Let’s listen to “How Can You Stand There?”

“How Can You Stand There?” pulls you off the couch to not only dance but to pay better attention to the world around you with lines like “Warning signs all around this town/Something’s up, something’s coming down. Made aware by the plagues and quakes/We’re wound up tight like it’s gonna break now.”  With signature Beat horns,  fabulous ska rhythm and Wakeling’s vocals sounding sensational, this song is fresh and lively but also maintains that Beat sound we fell in love with in the first place.

Dave Wakeling
The English Beat’s Dave Wakeling
Photo by Eugenio Iglesias

A couple of months back, I sat with Dave in his tour bus in a motel parking lot on the outskirts of Boston and hit record on our conversation. Here’s how it went:

When was the last time The English Beat has released something new?
That’s a question for the ages. There’s a best of record every 18 months. The last one came out just a few months ago in England called “You Just Can’t Beat It.”

What’s different when those come out?
This wasn’t anything new, this was more like a condensed Reader’s Digest medium level. It’s a cheaper release. You’re trying to sell it to people who didn’t buy the records in the first place. It’s one of those. Now next year it’s going to be a bit more of a deal I think. There’s going to be some television advertised stuff.

Here and in England?
I think so. It’s heading toward the 40th anniversary .

Of the band forming?
Of first playing and all of that yes. It’s going to be a big deal.

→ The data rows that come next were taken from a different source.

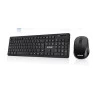 Teclado-e-Mouse-Sem-Fio-Exbom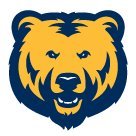 UNCO
It's never too early to start talking about career!
📧 career.readiness@unco.edu
Schedule appointments via Handshake!
https://t.co/BxGiJ3Qor2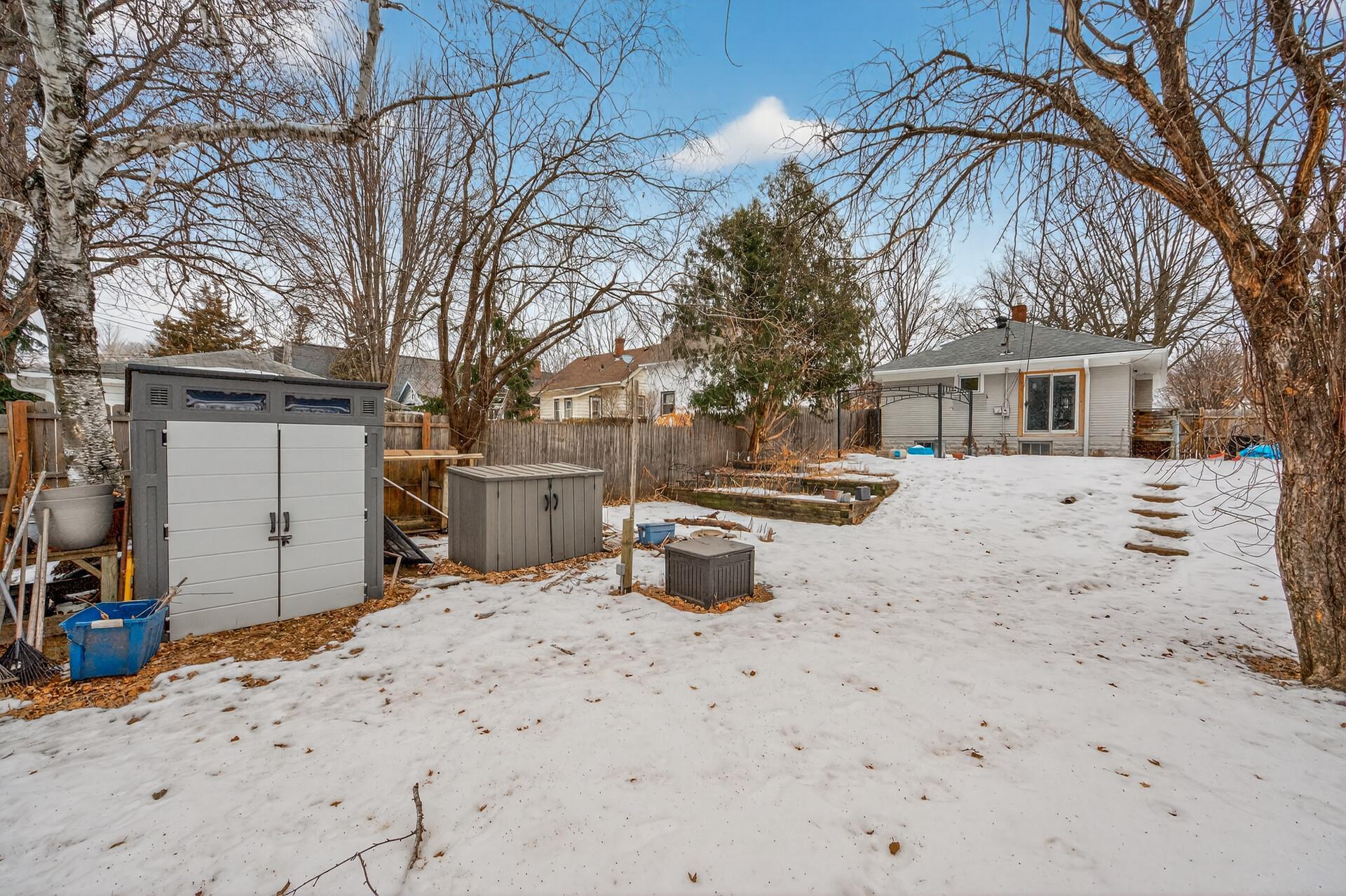 271 Pascal Street South St. Paul, MN 55105 - Photo 29 of 29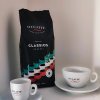 O'Ccaffé Espresso Classico 1 kg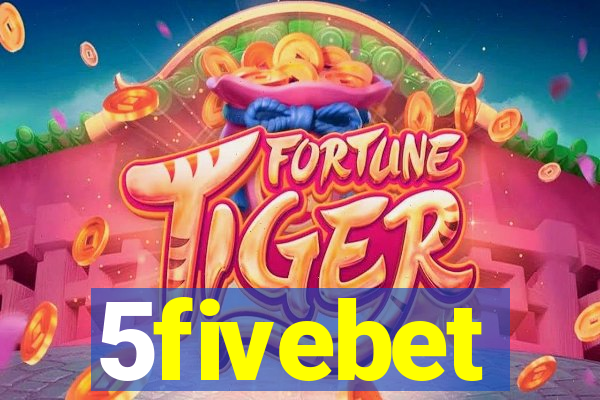 5fivebet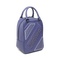Crown Blue/Lavender/Sunset Gold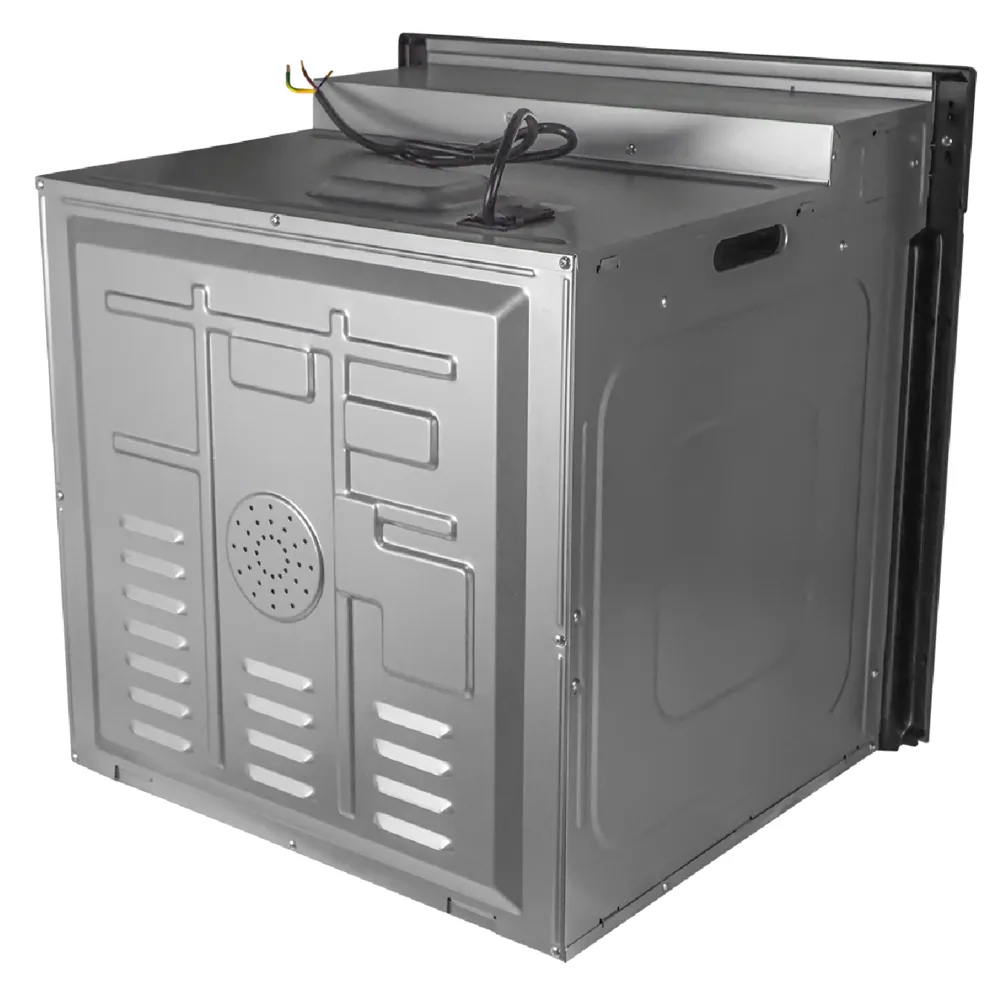 Детальное фото товара: LEX EDM 071 WH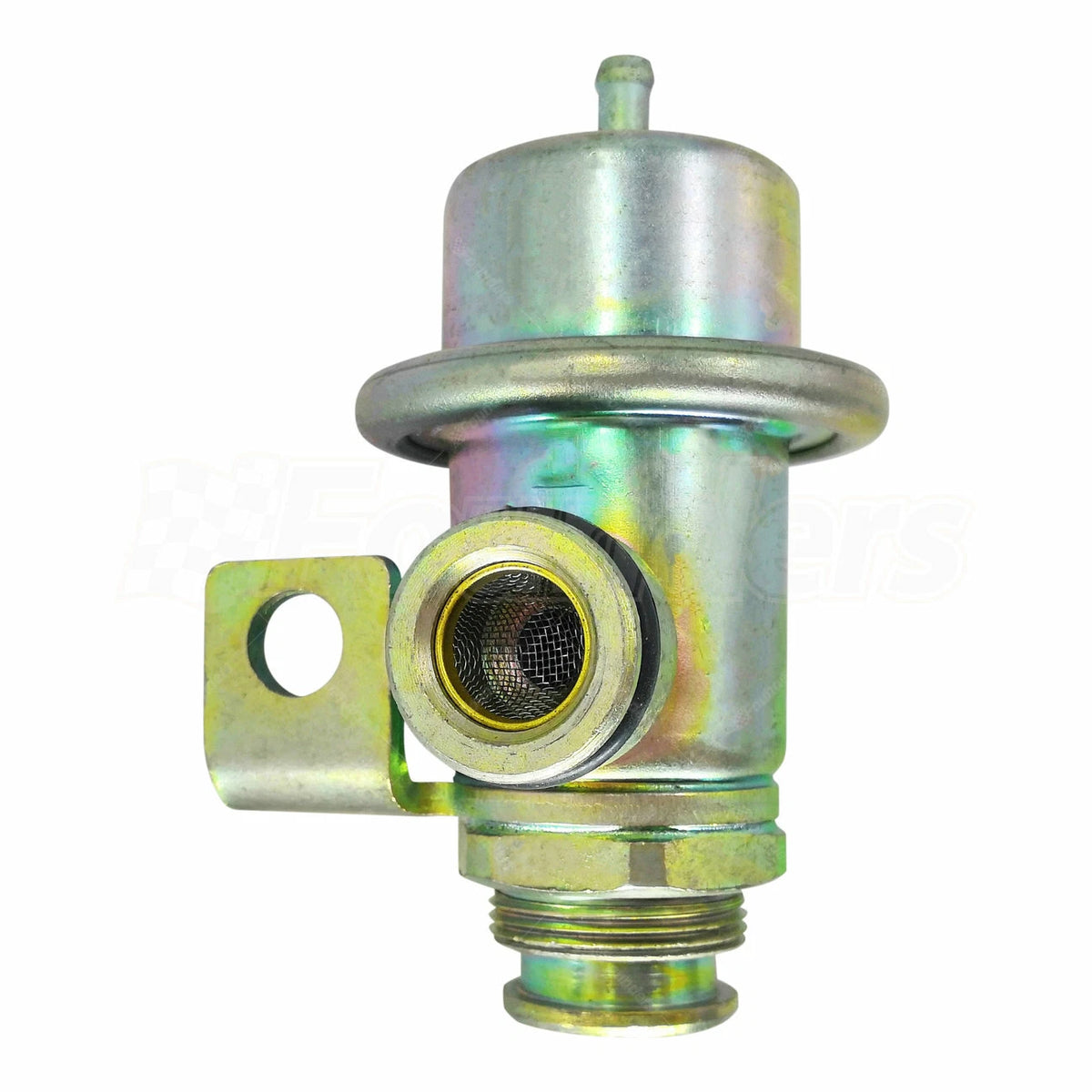 Fuel Injection Pressure Regulator for Chevrolet GMC Cadillac Isuzu Buick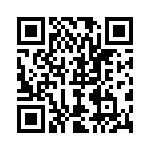 06035C151KAT4A QRCode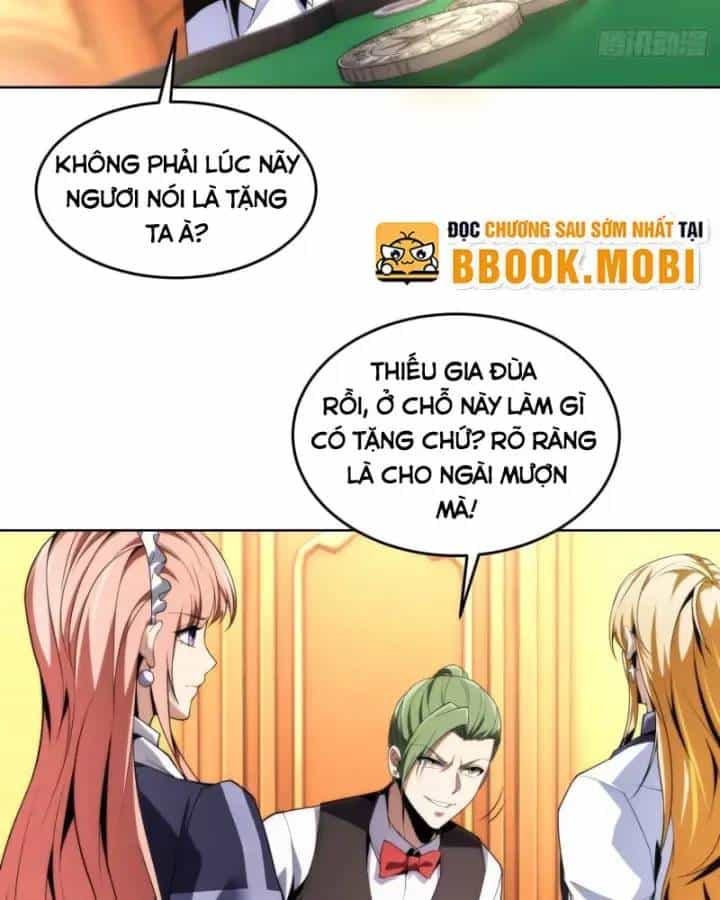 Ta Xây Dựng Đế Quốc Công Nghiệp Trên Đại Lục Ma Pháp - Chương 3 - ảnh 72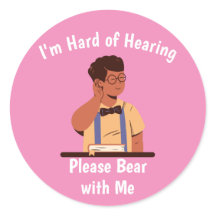 Difícil de escuchar, por favor, quédate conmigo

Who plays on the new album? People you have hired? People you’ve been working on off and on for years?
It’s a great combination of both. So there were a few people that had been in and out of the group over the last 20 years while I’ve been in California. Particularly some backing vocalists that I’ve enjoyed the most singing with; Kevin Williams and Jillarney Jones. I only sang with them a couple of times. They were in the group overlapping but at different times and just two of my favorite voices so I got to do the harmony vocals with them which was really nice. I’ve got some people from the (current) band on the record and then I’ve got some people from previous lineups on the record.

Tell me, because you haven’t recorded new material in quite a while, are these songs that date back from many years? When were they written?
It’s a combination.  We started with 40 songs, a mixture of ones that were burning hot at the moment, new ones that had made the live set at the moment, oldies that had somehow slipped the net and that could be because perhaps a punky song wasn’t fashionable if things were terribly ska at the time or a ska song wasn’t so fashionable if ska wasn’t fashionable now or it was more 80s pop now. So there were a couple of songs that had slipped through the net a long time ago and then there were some that were probably as good if not better but they’d only just started recently and they’d still got quite a ways to travel before they were finished composing. So there are two or three now that are already starting that process for the next one. I let a small circle of people listen to the demos and I polled them; different congregations of votes from men or women around different songs, certain songs, a mixture of both and we whittled it down to a really well-balanced collection. There was one of everything at least. I didn’t rig the votes or anything but it turned out a decent spread and balance and now we’ve got 13 and they fit together really well. They tell a good story thematically and now they want to know if you want 10 or 12 on the record.

 What does it mean to you, after all this time, to have a brand new English Beat record out in the world?
There was some trepidation and that’s turned into resolution. The record sounds as good as we can get it.

What can you tell me about your songwriting process?
I have to go through some deep manic depressive state and then I start walking in circles, talking and rhyming couplets which turns into a poem which then ends up being good enough to turn into a song which then gets worked on for about nine months.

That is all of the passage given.